CTOs are a new breed of financial instrument, and bid to save decentralized project funding.
The TOKEN project has announced the issuance of a new type of financial instrument in the crypto space – a Combined Token Offering (CTO) – which locks tokens that would normally be burned after ICOs (from multiple projects) into a smart contract that mints a single new token . The participating projects would jointly and collectively fund this new token’s listing on an exchange that has significant liquidity, and then sell their CTO tokens on this exchange.
According to the release, agreement has been reached with an exchange that plans to list the first CTO as a security token to an accredited KYC-only user base (excluding US investors), and three projects so far are considering participating in the first issuance.
The first issuance will close on November 30th 2018.
TOKEN’s Founder Fraser Brown from Dublin, Ireland worked as an innovative finance specialist for four years prior to joining the blockchain space, and is credited with supporting a number of breakthroughs in climate finance mechanisms especially relating to agriculture and reforestation in developing countries.
According to Brown, “Drastic changes are needed immediately to salvage decentralized project funding. VCs are walking off with the crown jewels while the people recover from the collapse of the ICO sector. We don’t honestly know if those people will come back. Something new was needed that does not involve giving up and handing over ownership and control to the incumbent financial sector. That is what inspired us to start looking for a new instrument all together”.

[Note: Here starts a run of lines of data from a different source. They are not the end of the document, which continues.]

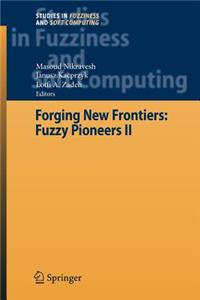 Forging New Frontiers: Fuzzy Pioneers II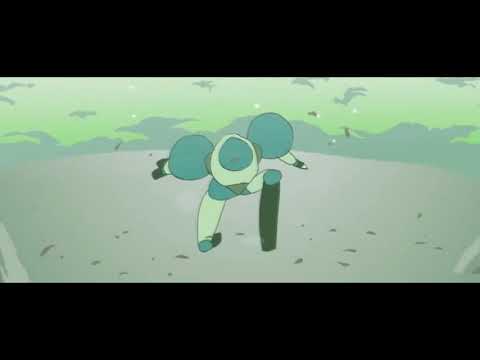 Excision, Datsik, Dion Timmer - Harambe (AMV, Fighting)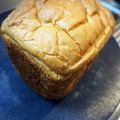 もんずん's cooksnap of when they made HB＊アーモンドプードルINミルク食パン.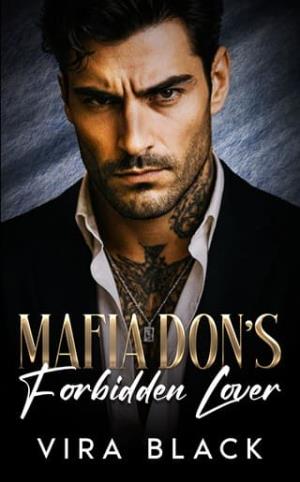 Mafia Don’s Forbidden Lover (Mafia Don’s Lies #5)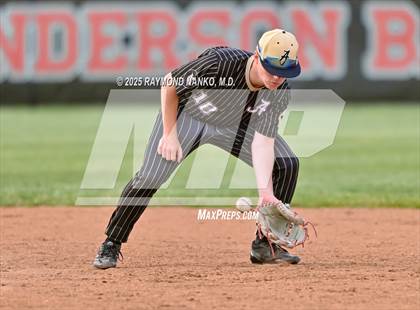 Thumbnail 2 in Madison-Grant @ Anderson photogallery.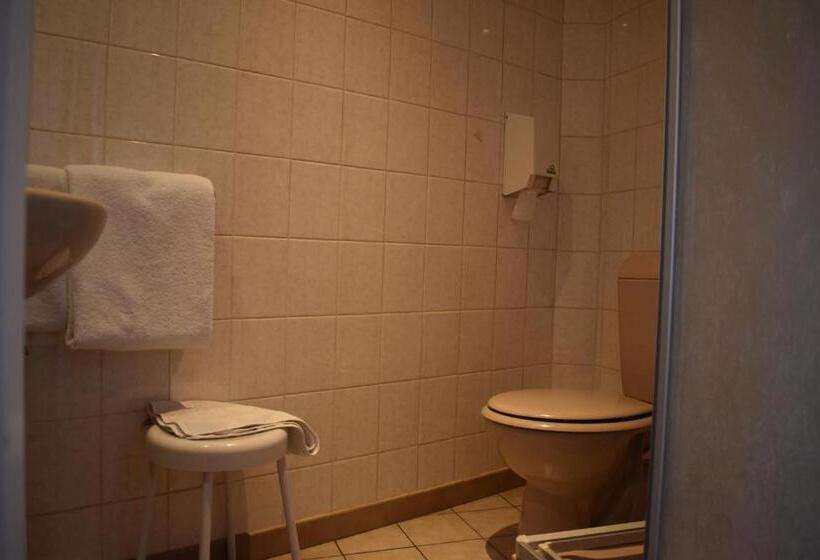 فندق Hôtel Le Sauvage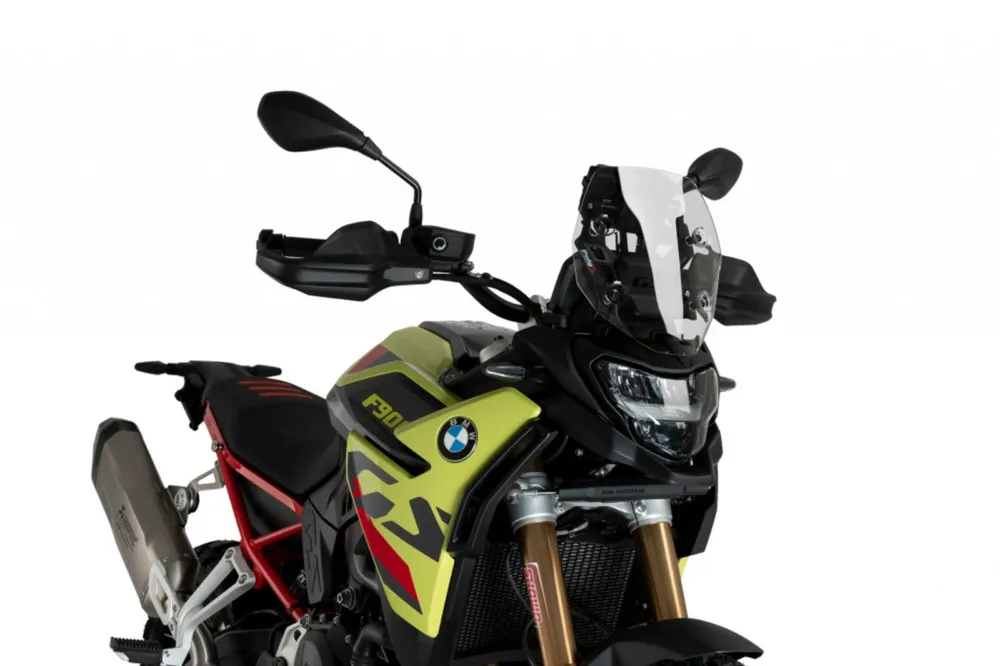 Objednat Nyní Plexi štít PUIG SPORT 22030W průhledný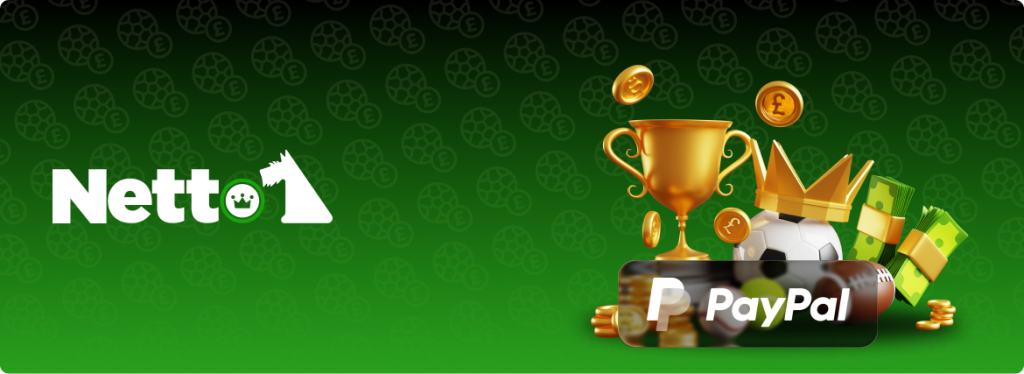 PayPal Betting: Bonus Terms and Conditions Banner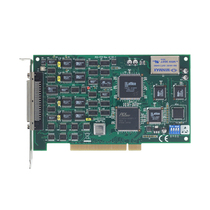 Yanhua PCI172112 bit 4 channel high speed analog output data acquisition card new original warranty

Paul Scott, a former bank treasurer from South Africa who recently joined TOKEN as Operations Chief compared the new instrument to “the best parts of financial innovation seen in collateralized debt obligations and other securitization, but with fundamental differences and improvements that are only possible due to blockchain”.
The new instrument is distinctly unlike obligations relating to debt or ownership (equity) because, if anything, the “obligation” relates to utility. Critically, each project’s tokens that are currently trading elsewhere or even on the same exchange will not be affected by the existence of the CTO token in the market because it does not alter the supply of utility in any way. As a consequence, tokens that were being burned can become a liquid asset on secondary markets. Assuming that good ICOs are currently reaching 50% of their hard cap on average, that is around $1billion in new potential finance available to projects per month.

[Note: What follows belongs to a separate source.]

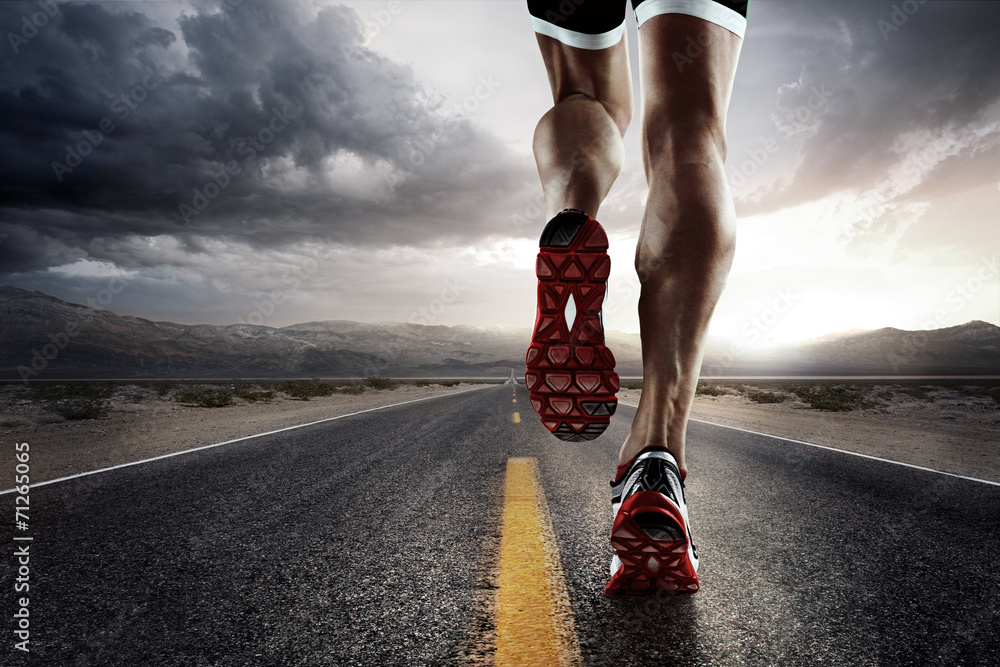 Running photo runnersneak.com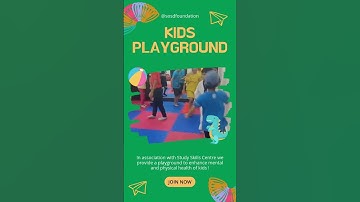 Kids Learning Taekwondo | SOSD Foundation Training & Practice Session #sosdfoundation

The aspiration does not stop there. TOKEN wants to leverage this instrument to fund high potential presales (startups) by negotiating with participating projects that a percentage of each new issuance will be used in swap deals with top projects listed on the TOKEN Alpha platform. As such this represents a new form of venture capital coming from within the sector that ultimately benefits the sector as a whole. This is value that was until now lost completely because the tokens were burned. The model also has zero reliance on the acquisition of direct “ICO investors”.
Brown claims, “Utility tokens needed to power dApps and drive decentralization, but that have limited volume (and, indeed, use at present) do not need to die and vanish as some postulate. This new instrument actually de-risks the underlying asset class, while creating a more broadly desirable investment, which will attract better volumes. In roulette, the 1st 12, 2nd 12 and 3rd 12 blocks offer much more likelihood that you will stay at the table longer than if you just put everything on number 14. The actual dApp’s tokens sold at presale and ICO can be traded merrily on DEXs (decentralized exchanges) by those that want to use them and any that want to cash out. On bigger exchanges, we think CTO tokens will be popular among traders.”
When asked about regulation, Brown and Scott showed no chagrin. Scott said, “this instrument requires nothing other than a smart contract to create it. It’s hard to even point to who or what the issuer is”.
But the instrument could face end of life challenges. How can it be liquidated to release its value, and by whom? What if one of the underlying tokens fails altogether? The team says that these are questions that will be worked out with the first cohort of projects, and the best legal advisors and smart contract developers. If they get these answers right, this type of instrument could be something that attracts one innovation after the next, and all without the blessing (or indeed, rent-seeking) of a financial sector vying to bring cryptocurrency to heel within its existing systems and rules.
With now over 70 of the biggest names in blockchain partnered with the project, TOKEN is starting to formulate and implement plans that reinvent blockchain project fundraising, and are needed for the crypto space to remain truly decentralized and for “average Joe” to limit his risks.